The key considerations highlighted by IOSCO:
- Access to CTPs;
- Safeguarding participant assets;
- Conflicts of interest;
- Operations of CTPs;
- Market integrity;
- Price discovery;
- Technology; and
- Clearing and settlement
The above are explained in detail in the report and have been summarised below, including the potential impact to CTPs.
1. Access to Cryptoasset Trading Platforms
Focus on the on-boarding process and how it is performed, mainly from an AML/CFT perspective but also touches on investor protection.
IOSCO highlights that in the traditional space, trading venues do not provide direct (non-intermediated) access to retail customers. Consideration of whether CTPs are undertaking investor suitability assessments prior to account opening is also highlighted to ensure that investors are participating in asset classes that match their financial situation/risk tolerance.
Appropriate risk disclosures are also mentioned. IOSCO considers that, if retail investors are being accepted, there may be a need to enhance fairness and transparency.
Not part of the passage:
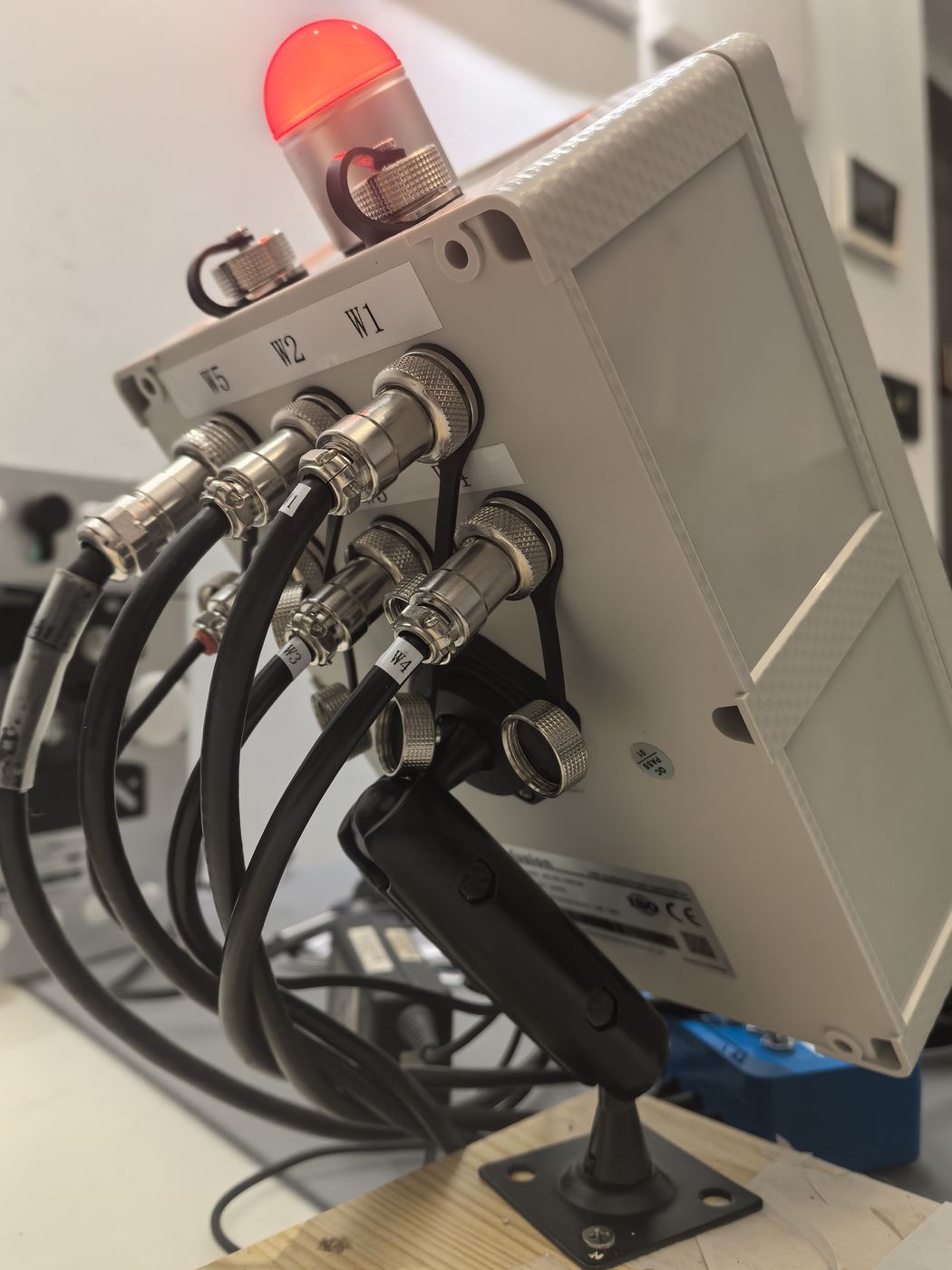 Back of a grey terminal housing with a red beacon on top, a row of metal glands taking coiled cables and a black lever below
Most CTPs which are regulated should have sound on-boarding processes and apply due diligence to comply with AML/CFT obligations. Many CTPs will provide direct access to retail customers, and regulators are likely to focus on investor suitability and protection, requiring firms to further understand customers’ financial position and risk tolerance levels. CTPs must ensure risk disclosures are prominent and clear to customers. When moving from an unregulated space to the regulated world, there are likely to be gaps in a CTP’s processes and procedures, especially when dealing with retail clients.
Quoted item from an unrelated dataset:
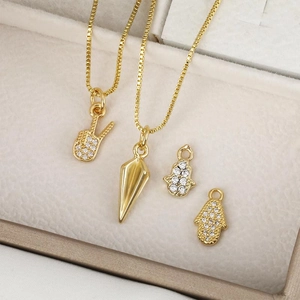 Colliers dorés et pendentifs Hamsa avec zircon blanc dans une boîte à bijoux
2. Safeguarding Participant Assets
A key difference between CTPs and traditional securities trading platforms, is that most CTPs involve custody of customer assets, which could include cryptoassets and/or fiat currency. According to the report, this difference raises “new issues or potential risks for regulatory authorities to consider”.
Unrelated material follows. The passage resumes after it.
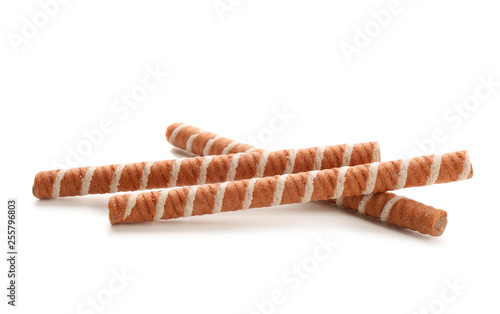 Tasty wafer roll sticks on white background. Crispy food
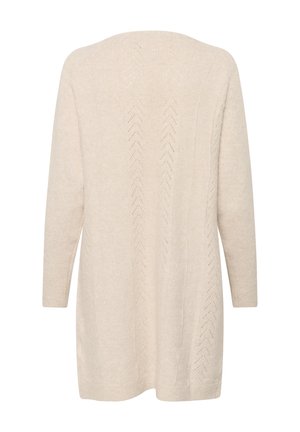 Kreemikaardigan pehmea kudumise tekstuuriga, millel on siksakiline muster ja kolmveerandvarrukad. Disain on lihtne ja piklik.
A number of specific safeguarding risks are highlighted, including operational failure due to cyber-attacks, theft, loss or inaccessibility of private keys, risks from co-mingling of assets, inaccurate record-keeping and insufficient assets to meet liabilities and therefore withdrawal demands.
The second element of this risk focuses on firms having sufficient financial resources to protect against bankruptcy or insolvency. This is usually reserved for intermediaries that hold investor assets in the ‘old world’; however, is very much relevant to CTPs.
IOSCO stresses the importance of making arrangements to safeguard assets, including segregation and identification of assets. Therefore, CTPs will have to up their game and implement safeguarding standards.
It is clear that regulators are improving their technical knowledge of crypto related activities, they will be scrutinising hot and cold storage, and backup arrangements regarding access to private keys. Firms will need to clearly demonstrate that security measures are in place and that customer cryptoassets are protected, with redundancies and backups to reduce the risk of loss and theft of private keys.
Firms will need to demonstrate that they have sufficient financial resources, so it is likely that capital requirements will be introduced, or increased for CTPs.
3. Conflicts of Interest
As with most regulated industries, conflicts of interest if unmitigated can cause harm. IOSCO highlights that many firms are providing end to end services which in the past have been undertaken by multiple parties, for example, the admittance and trading of the cryptoasset, settlement, custody, market-making and advisory services. This increases the risk of conflicts, especially as CTPs could have multiple roles as a profit seeking entity which is undertaking traditional regulatory functions such as surveillance of trading or listing functions.
The impact on CTPs should not be major, as every company should keep conflicts of interest to a minimum. However, this could result in further scrutiny if firms fail to manage conflicts appropriately. Long term, there may be pressure for certain activities to be split, however it is still early to determine if this is the direction of travel.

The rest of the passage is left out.